(Your assignment):
Everything in the data should be repeated exactly, save for the images.

(Dataset extract):
*-*-*

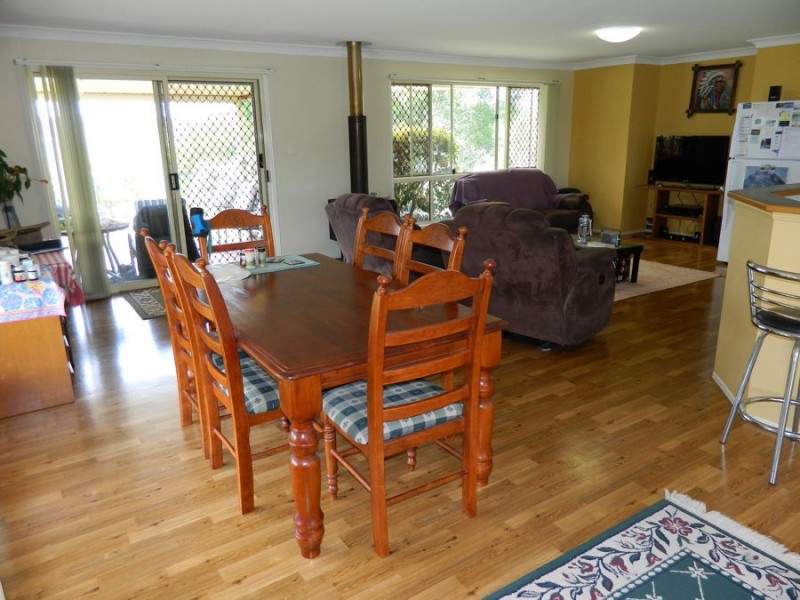 53 Fitch Rd, Crows Nest QLD 4355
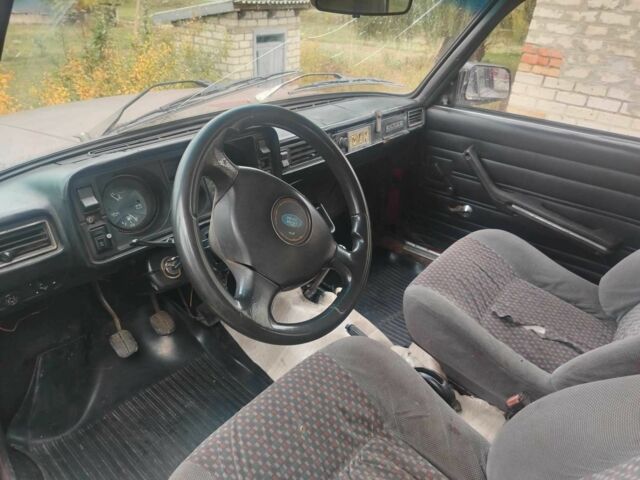 Красный ВАЗ 2104, объемом двигателя 1.5 л и пробегом 3 тыс. км за 556 $, фото 7 на Automoto.ua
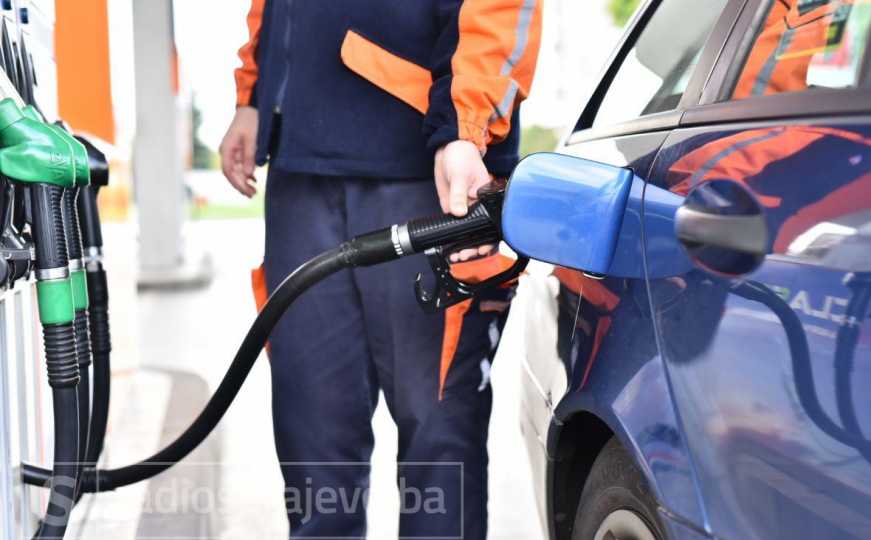 Srijeda u Sarajevu: Veliki pad cijene litre benzina Super 95, sada košta daleko ispod tri marke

*-*-*

(Written answer):
 53 Fitch Rd, Crows Nest QLD 4355
 Красный ВАЗ 2104, объемом двигателя 1.5 л и пробегом 3 тыс. км за 556 $, фото 7 на Automoto.ua
 Srijeda u Sarajevu: Veliki pad cijene litre benzina Super 95, sada košta daleko ispod tri marke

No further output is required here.